2.4 Intravital microscopy

IVM was performed 8 hr after CASP induction. Animals were anesthetized using sodium pentobarbital (90 mg/kg, 54 mg/ml; Ceva Sainte Animale, Montreal, QC, Canada) in a 1:1 dilution with 0.9% sodium chloride (NaCl). Depth of anesthesia was monitored using the pedal withdrawal reflex and additional anesthesia (9 mg/kg, 54 mg/ml; 1:10 dilution) was given as required. Fifteen minutes prior to IVM rhodamine-6G (0.05%, 1.5 ml/kg; Sigma-Aldrich, Oakville, ON, Canada) and fluorescein isothiocyanate-labelled bovine serum albumin (FITC-BSA, 5%, 1 ml/kg; Sigma-Aldrich, Oakville, ON, Canada) were administered i.v.. A laparotomy was performed and the terminal ileum was exposed for IVM. The mouse was placed on its side with a loop of the terminal ileum placed on the viewing platform of a specifically designed stage fixed to a heating pad [53, 54]. A glass slide was placed over the intestine. A continuous flow of 0.9% NaCl heated to 37°C (7 ml/hr) was administered to maintain physiological conditions.
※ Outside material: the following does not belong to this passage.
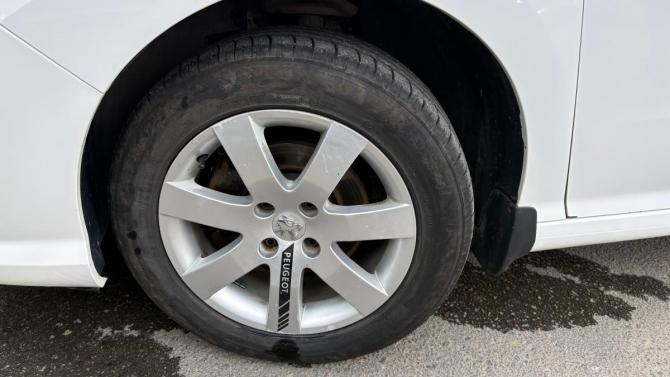 Peugeot 408 I с пробегом 2012 года, цена 575 000 рублей, 166143 км, седан, Автокод Объявления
An epifluorescent microscope (Leica DMLM, Wetzlar, Germany) and a light source (LEJ EBQ 100; Carl Zeiss, Jena, Germany) enabled visualization of the intestinal microcirculation. Videos were captured using a digital EM-CCD camera C9100-02 and AC-adapter A3472-07 (Hamamatsu, Herrsching, Germany). Velocity software (PerkinElmer, Waltham MA, USA) was used to acquire videos and store them digitally for later offline analysis. Leukocyte trafficking was assessed using rhodamine-6G staining and a green light filter, within both submucosal collecting venules (V1, diameter 50–100μm) and post capillary venules (V3, diameter 20–40μm). Functional capillary density (FCD) was assessed with FITC-bovine serum albumin (BSA) and a blue light filter with 6 videos being collected of randomly selected field areas of the intestinal muscle layer. Mucosal villi were also exposed for capillary evaluation. For each parameter, 6 videos of 30 seconds in length each were acquired. Animals were sacrificed following IVM with blood and tissue samples collected for further analyses.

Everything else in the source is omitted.